A brilliant sunny day in July and the TPs had been asked to support an up-and-coming Mod band from Bournemouth. When they arrived the area outside the pub was swarming with Mods and Bikers, all looking warily at each other, and some members of the TP entourage felt very uncomfortable.. However, the soundcheck went fine - the new material sounded good, the band looked good, and the locals were friendly and appreciative - but when they took to the stage later that afternoon the band fell apart after only a handful of numbers. “I’ve blocked it from my memory” says Hughes, “but I know it was a horrible experience. I couldn’t play, my hands were sweating and sliding all over the guitar neck, I was palpably afraid that we were going to get hurt and I just wanted to be somewhere else. It was very upsetting, considering we were pretty well-rehearsed and should have played a blinder. It was all irrational fear and paranoia, but something very unsettling happened that day.” Duerden : “The Brewer’s Arms, yes, it was horrible. I seem to remember the chief reason was that they had the lighting rig (such as it was) along the floor at the front, pointing upwards into our eyes, so Bill couldn’t see his hands on the frets at all. To compound the problem, my bass-drum pedal broke into pieces about two songs into the set, and we didn’t have a spare. Somewhere, I think I’ve got a tape recording of that gig, but no, I haven’t been able to stand listening to it for thirty years!” The band abandoned the set half way through and sped back to Portsmouth to lick their wounds. By the end of the summer Clive announced he was quitting to concentrate on his studies, Bill had left university and was moving to France for a while, and Mark had his own things to do. Effectively the Poole gig was the end of the Thought Police. It’s arguable, but with their new material, better judgement of sound, and much-improved playing, the band were on the verge of a decent career had they chosen to face their performance demons and continue. Poole had simply knocked the confidence out of them, and it wasn’t fun anymore.

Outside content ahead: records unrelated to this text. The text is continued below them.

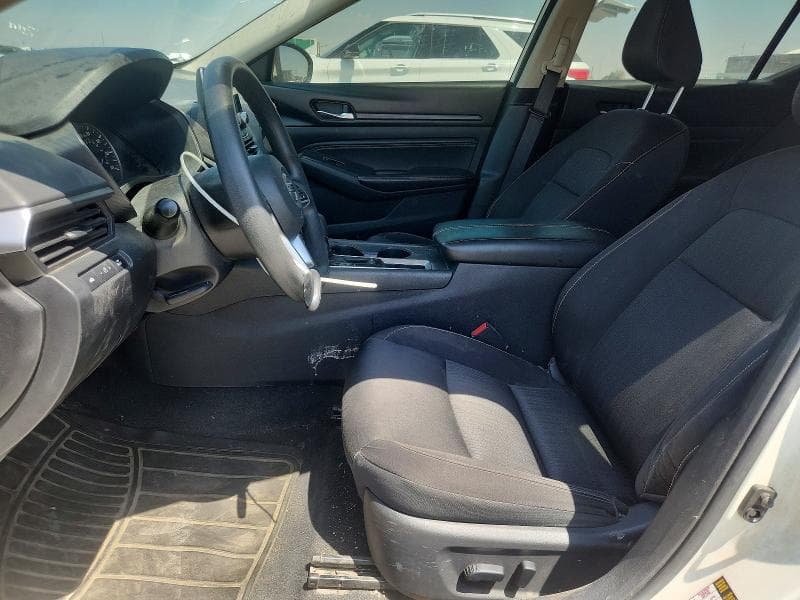 2020 NISSAN ALTIMA S 7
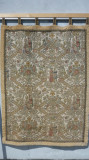 TAPISERIE, BRODERIE BIZANTINA 150/110 cm.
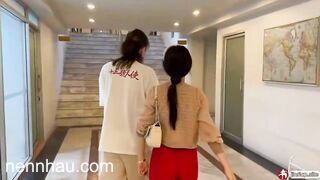 Ngồi ngoài đường gặp lại người yêu cũ thế là đưa luôn đi nhà nghỉ địt ôn lại kỉ niệm cực phẩm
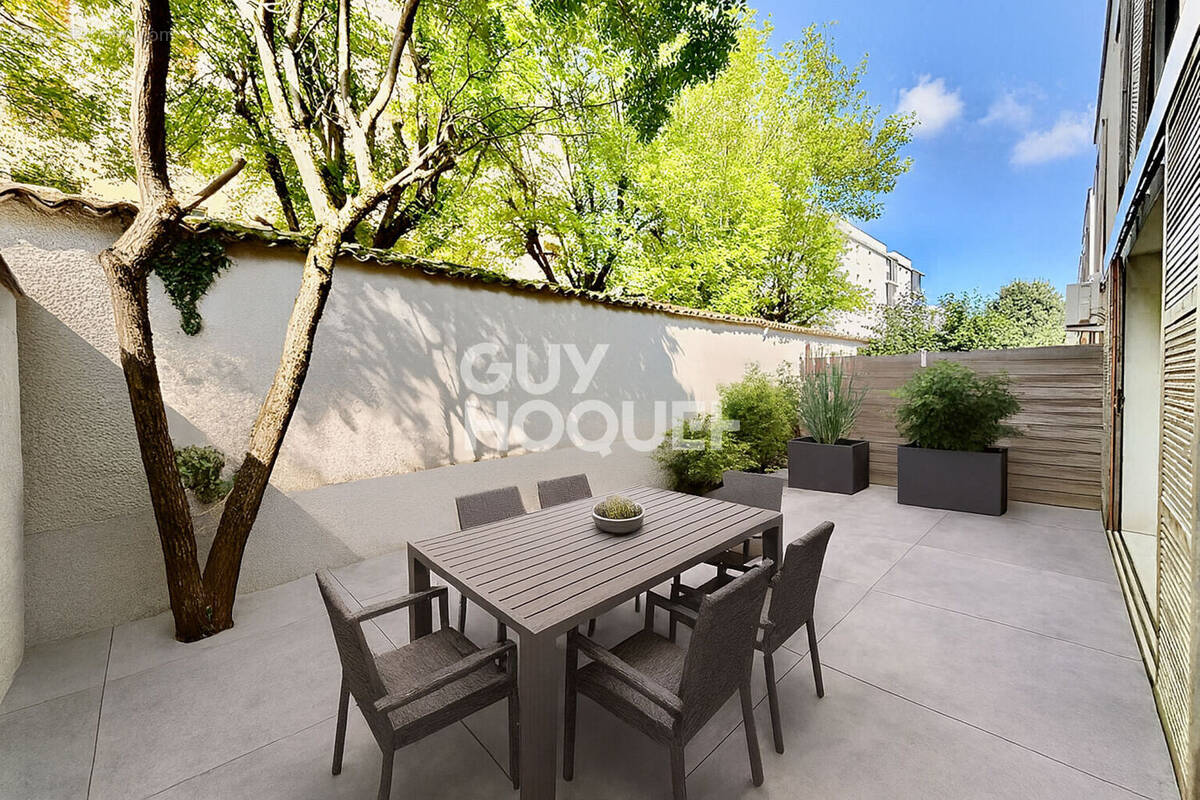 Maison à VAULX-EN-VELIN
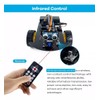 TECHVIDA Smart Robot Car Chassis Kit, Smart Robot Car 2WD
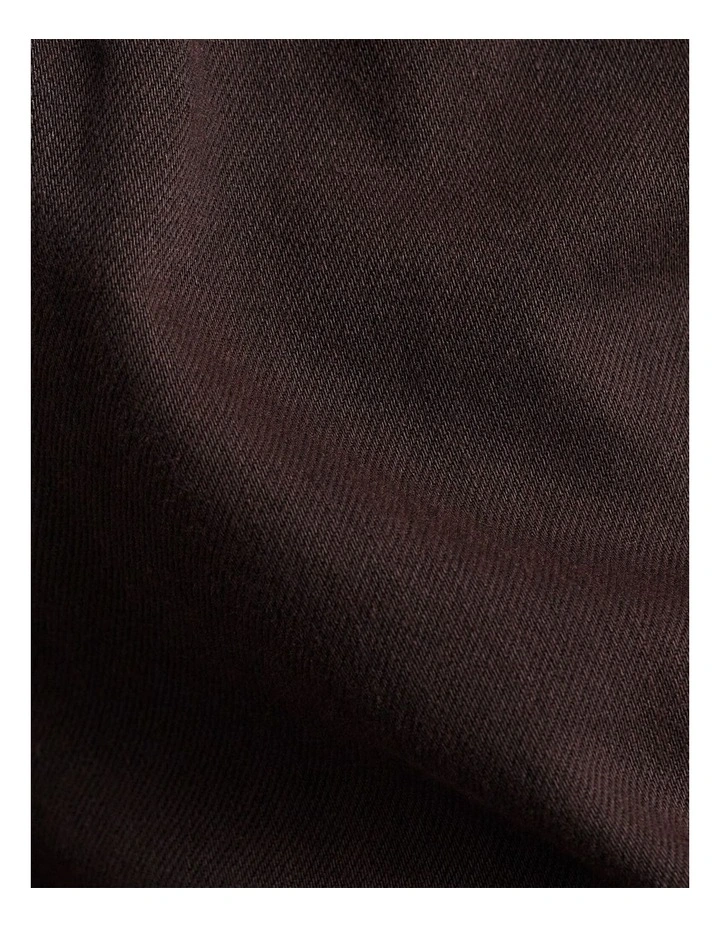 Loe Denim Pull On Short image 7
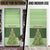 Cactus Christmas Door Cover Merry Cactmas - Wonder Print Shop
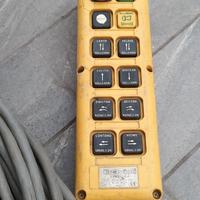 telecomando per gru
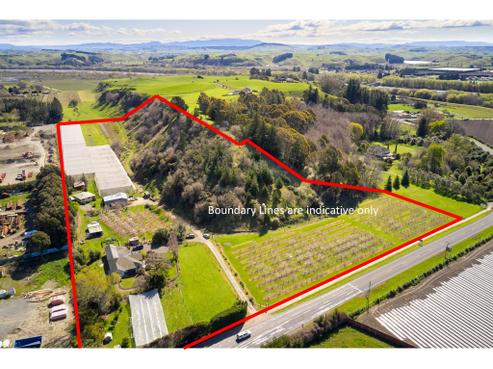 2022 State Highway 50, Fernhill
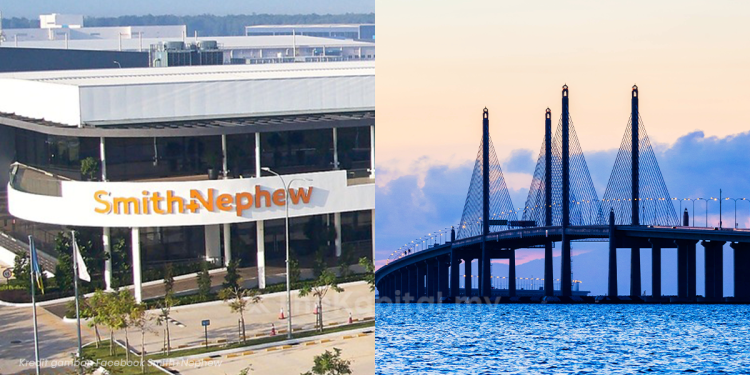 Smith+Nephew Buka Kemudahan Pembuatan Di Malaysia Dengan Pelaburan Bernilai Lebih US$100 Juta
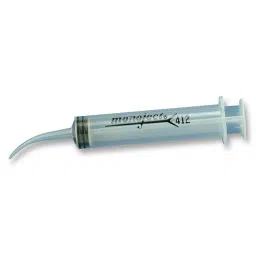 MULTICOMP PRO Dispensers 12ML CURVED SYRINGE INCL. TIP, OL1012/C-20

In the aftermath of the Thought Police, Bill and Clive played together throughout the years, but all three members of the band have never been in the same room since. Bill is close to Mark and sees him on a regular basis - their children play together, and the families often meet up - and Bill and Clive have remained good friends. Recently there’s been a clamour from friends and fans for a reunion gig, and perhaps the time is almost right? “I think it would be amazing to play some of the old songs in anger again”, says Hughes. “I’m actively encouraging it - slowly and cautiously - but I think we’ll need to meet up for a few drinks first, and get used to each other as an ‘entity’ all over again. It might take some time, but one thing I’m sure of, if there’s a reunion gig it won’t be at the Brewer’s Arms!”